I am working on a process flow. I have used vis library to show the flow. It shows the flow in canvas.
The flow is long and dynamically generated based on user input, so I have provided scroll inside canvas.
So to go to particular step, user has to scroll down. I want to provide search functionality in canvas to make it more user friendly.
Is there any way to provide search functionality in Canvas?
Do you mean character-recognition on existing canvas content (as in your image)?
It would be much easier to modify your vis
library to emit {x:,y:,text:}
objects for each step.
Character-recognition is possible but not practical.
I did a verrrrry simple proof-of-concept demo where:
- The font-size and font-face is known.
- The background is transparent except for the text.
- Each character is surrounded by transparency.
The process went like this:
fillText
a random "unknown" character on a "main" canvas.
- On the main canvas, find the top-left set of opaque pixels which are surrounded by transparency.
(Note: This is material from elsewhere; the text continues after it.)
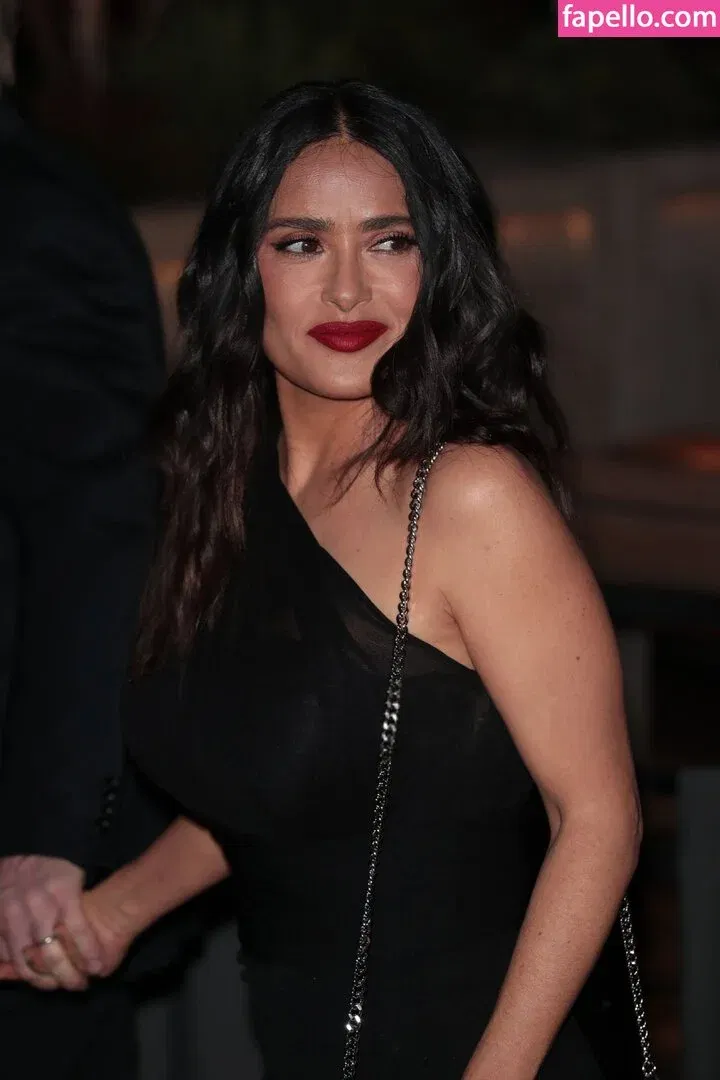 Salma Hayek / salmahayek Onlyfans Photo Gallery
This set of pixels is the unknown character.
- Copy only that unknown character on a second canvas.
- Set compositing mode to
destination-out
.
- Draw an 'A' onto the second canvas over the unknown character. The compositing mode will erase the opaque pixels of the unknown character.
- Count the remaining opaque pixels on the second canvas.
- If there are "very few" opaque pixels remaining then 'A' is likely the unknown character.
- If there are "many" opaque pixels remaining then 'A' is probably not the unknown character. So repeat steps#3+ using the 'B' character (and then 'C, D, etc').
Refinements that helped recognition:
Remove any anti-aliasing on both the original main canvas and on each 'A, B, ...' character over-drawn.
When drawing the 'A, B, ...' to erase the original unknown character, draw the 'A' multiple times with a 1 pixel offset vertically, horizontally and diagonally. The offsets: [x+0,y+0], [x-1,y], [x+1,y], [x,y-1], [x,y+1], [x-1,y-1], [x-1,y+1], [x+1,y-1], [x+1,y+1]
.
Results
The darned thing worked fairly well -- he says with genuine self-surprise! :-O
Using 36 pixel Verdana font, the code recognized all of the characters from !
through ~
(most of the non-Unicode characters).
But ... The double-quote character was not recognized because it's the one Verdana character that is broken into 2 parts. Visually the double-quote looks like two single quotes separated by space. Step#2 found the left part of the quote but not the right part because of the transparent space.
This is not an effective OCR system ... it's barely a proof-of-concept!!
The font-size & font-face must be exactly known. Since font faces may differ between browsers (and even versions of browsers), the technique probably won't work well across browsers.
The recognition is only for text written on html5 canvas. If given a paper image, the "noise" in the paper will likely cause the technique to fail.
However, it was the basis for a fairly good pattern-matching algorithm where other clues help with the identification process.